Alagoas completa um ano e meio sem casos autóctones de sarampo, contribuindo para sucesso das medidas de controle nacional.

Há um motivo para comemorar no cenário da saúde pública no Brasil, especialmente no estado de Alagoas. Desde 2021, quando foram identificados os últimos 11 casos autóctones de sarampo na região, não houve mais ocorrências da doença transmitidas em território nacional. Essa marca é crucial para o sucesso das medidas de controle e redução do sarampo em todo o país.

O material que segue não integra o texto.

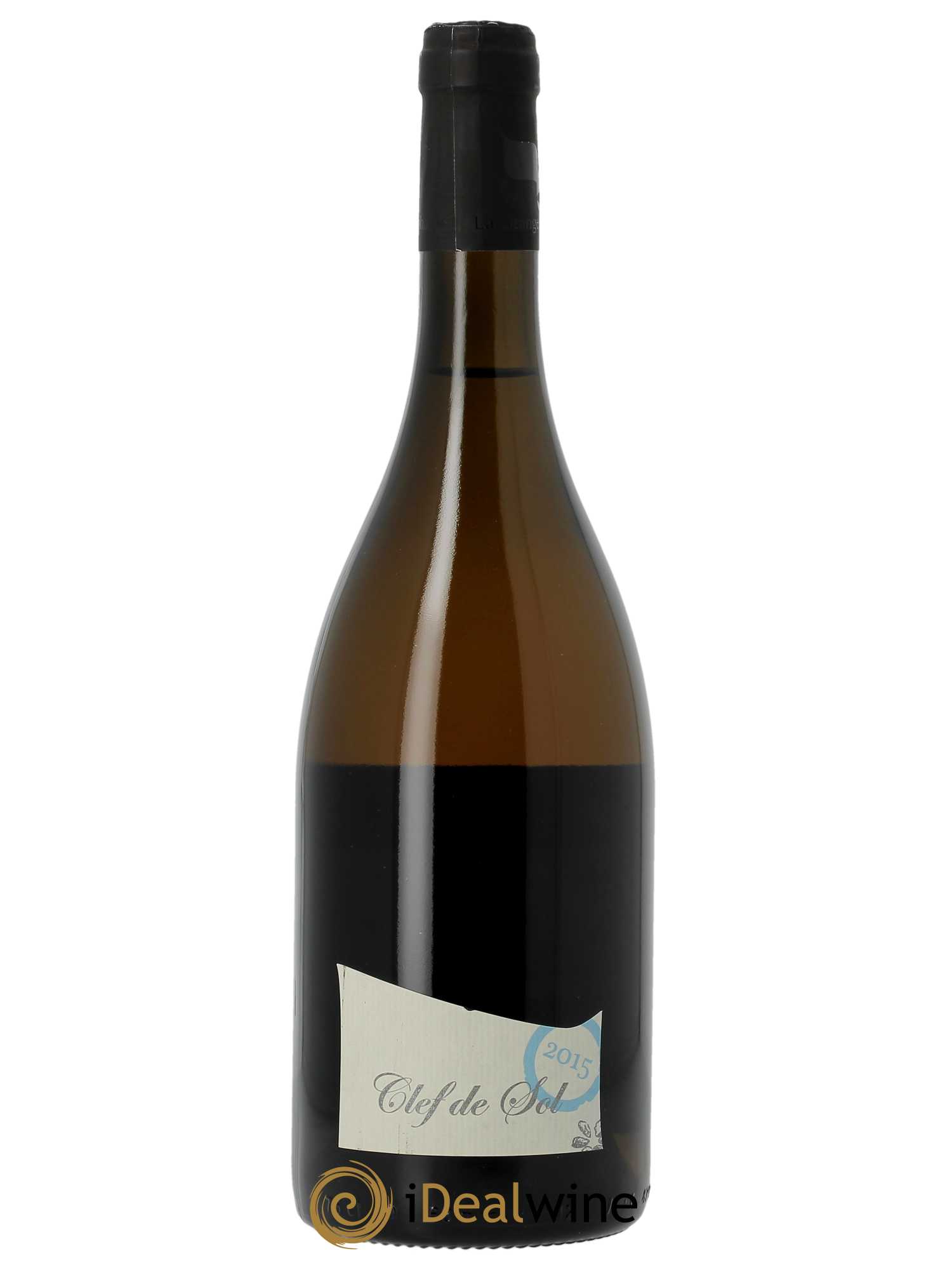 Montlouis-sur-Loire Clef de Sol La Grange Tiphaine  2015 - Lot de 1 Bouteille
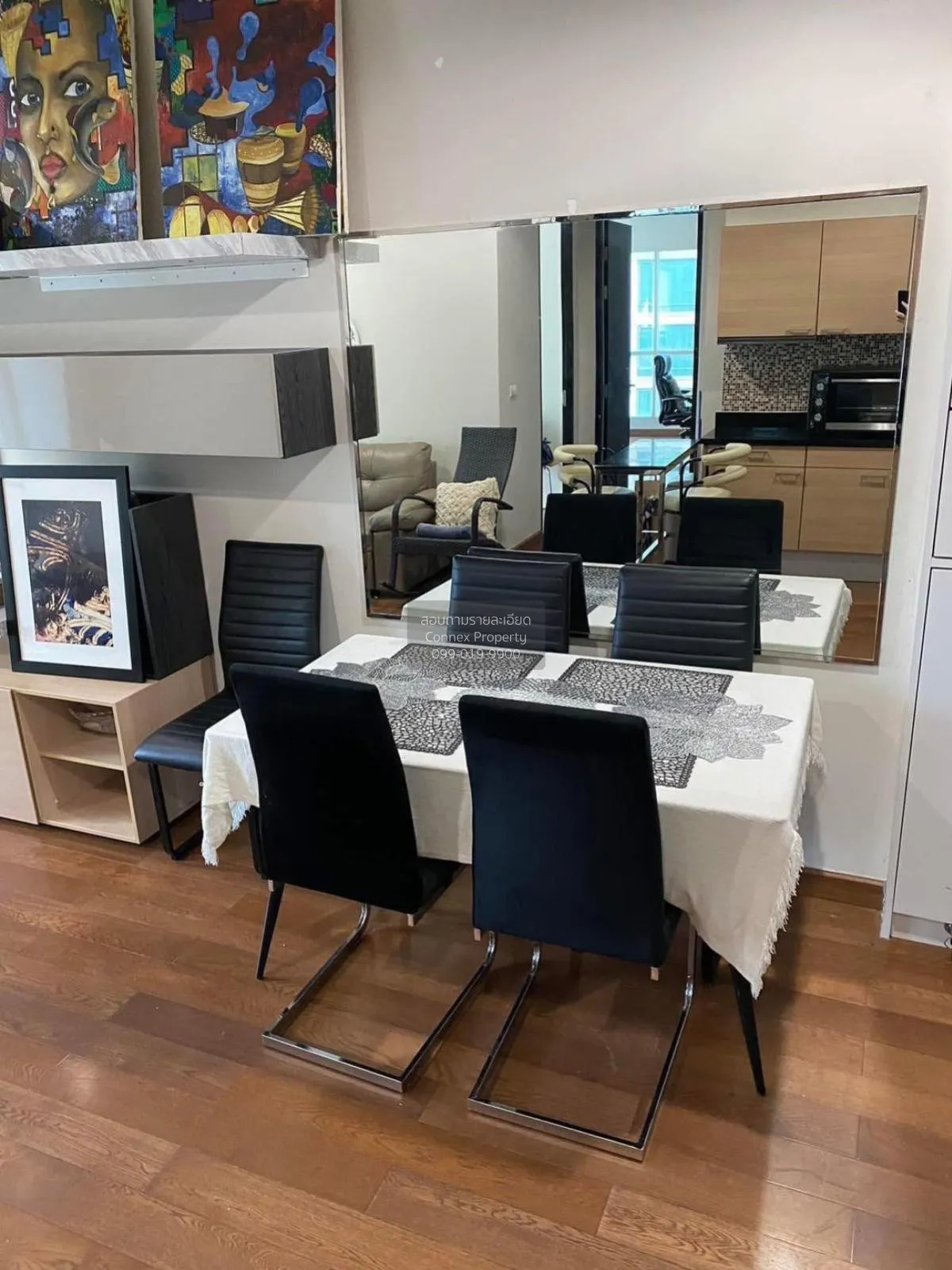 เช่าคอนโด  ดิ แอดเดรส ชิดลม ห้องมุม ลุมพินี เขต ปทุมวัน กรุงเทพ C 3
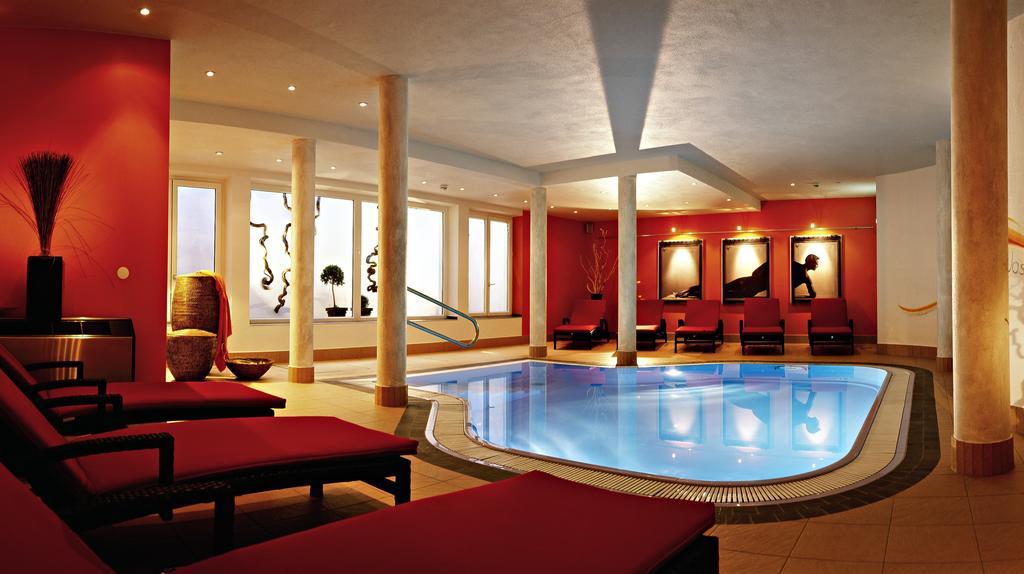 Hotel Alpina Nature-Wellness เวนส์ ภายนอก รูปภาพ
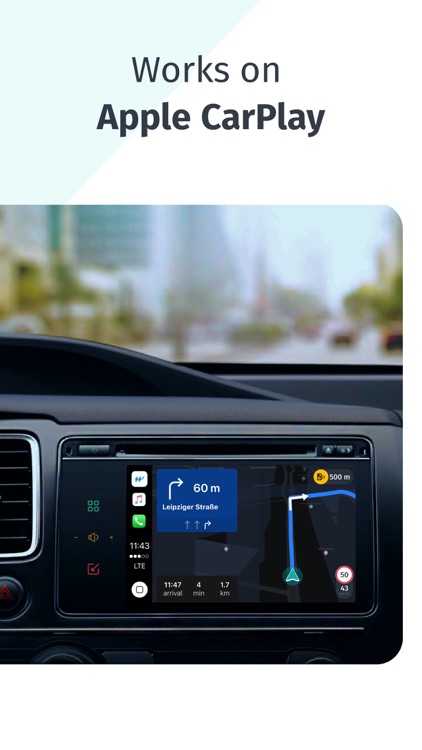 HERE WeGo Maps & Navigation screenshot-8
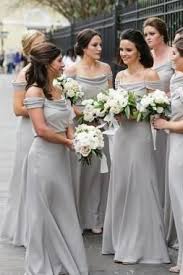 A Line Off The Shoulder Grey Chiffon Cheap Long Prom Dresses Bridesmaid Dresses Uk Pw262 With Images Bridesmaid Dresses Uk Cheap Prom Dresses Long Simple Bridesmaid Dresses
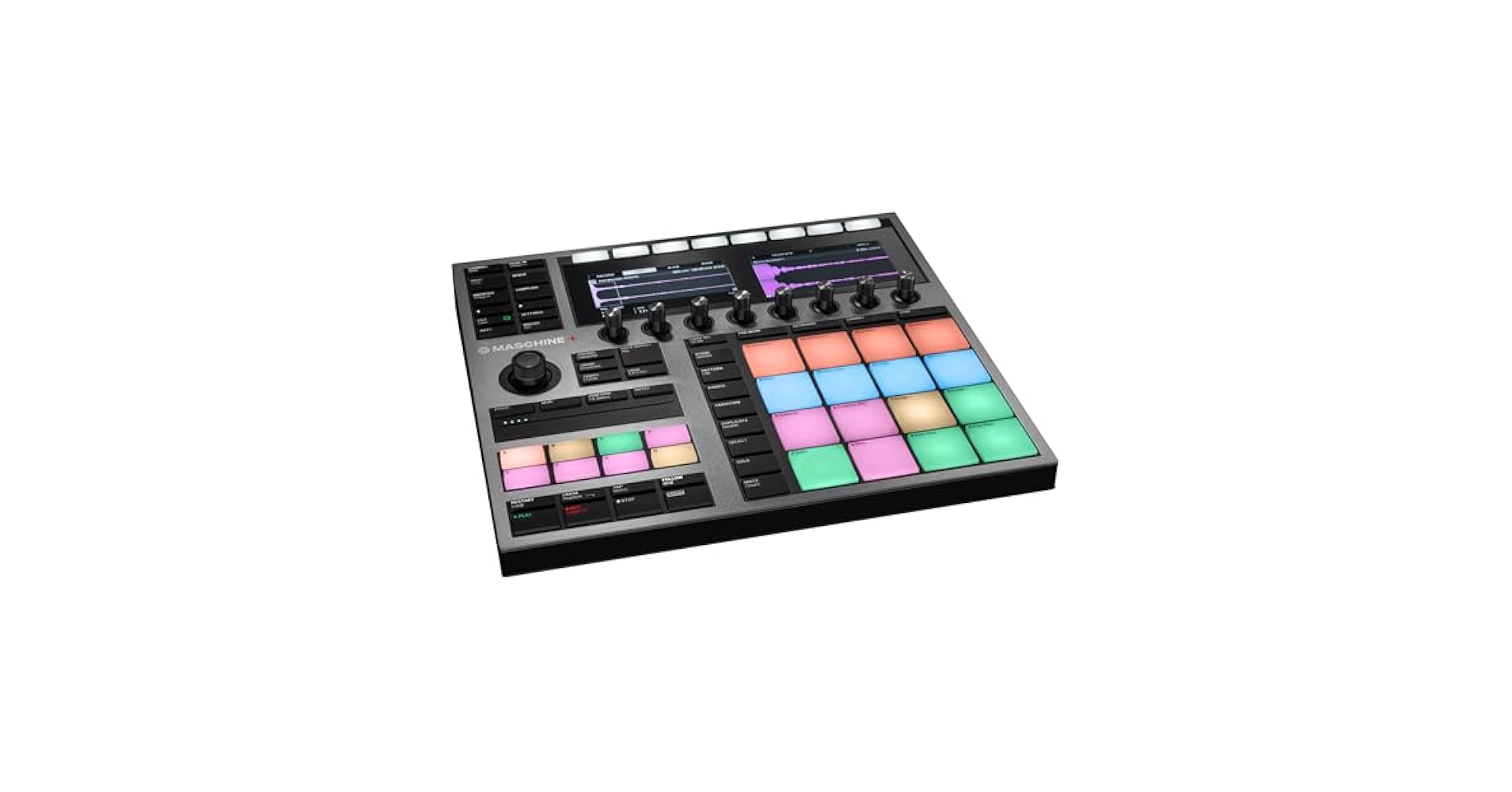 美品 Native Instruments MASCHINE Plus付属品多数 Amazon.com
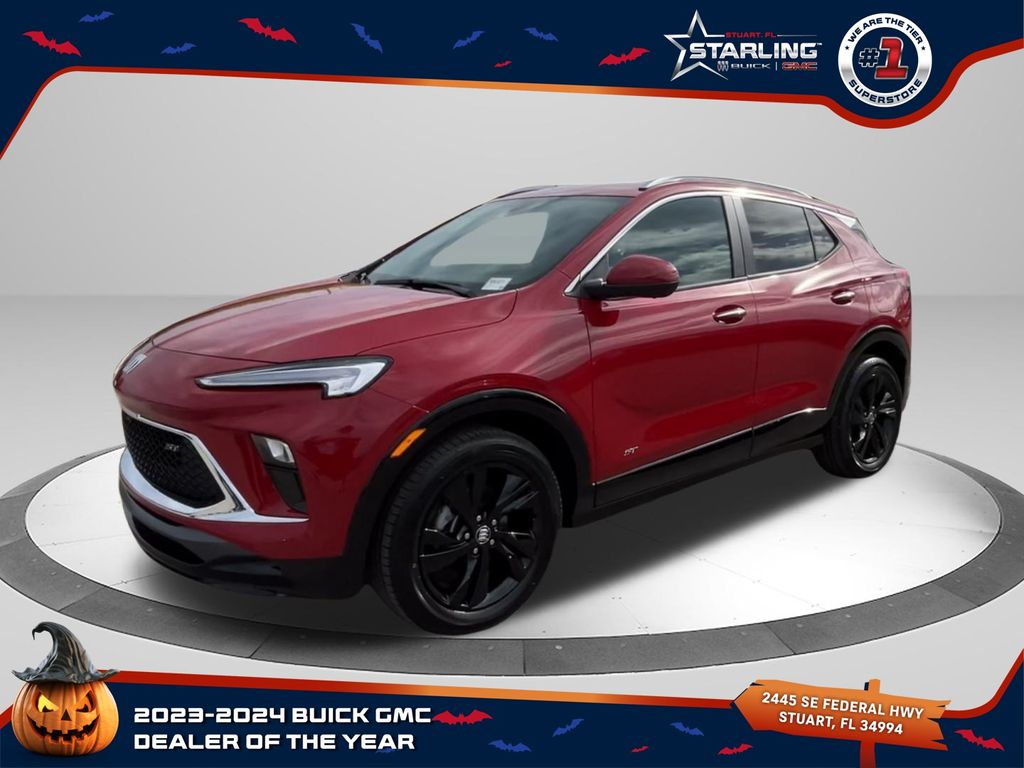 2026 Buick Encore Gx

Na última quarta-feira (5), o Brasil alcançou dois anos sem casos autóctones de sarampo, se aproximando cada vez mais da recuperação da certificação de ‘país livre de sarampo’, após ter perdido esse status no ano passado. Em 2016, o Brasil havia recebido o título de país livre da doença, porém em 2018, com o intenso fluxo migratório de países vizinhos e as baixas coberturas vacinais em diversos municípios, o vírus foi reintroduzido no território nacional.

Desde 2019, tem-se observado uma redução significativa no número de casos de sarampo, passando de 20.901 registros naquele ano para apenas 41 casos em 2022. O último caso confirmado foi em 5 de junho de 2022, no estado do Amapá. Essa conquista permitiu a visita da Comissão Regional de Monitoramento e Reverificação da Eliminação do Sarampo, Rubéola e Síndrome da Rubéola Congênita na Região das Américas e do Secretariado da Organização Pan-Americana da Saúde (Opas) no país, em maio deste ano.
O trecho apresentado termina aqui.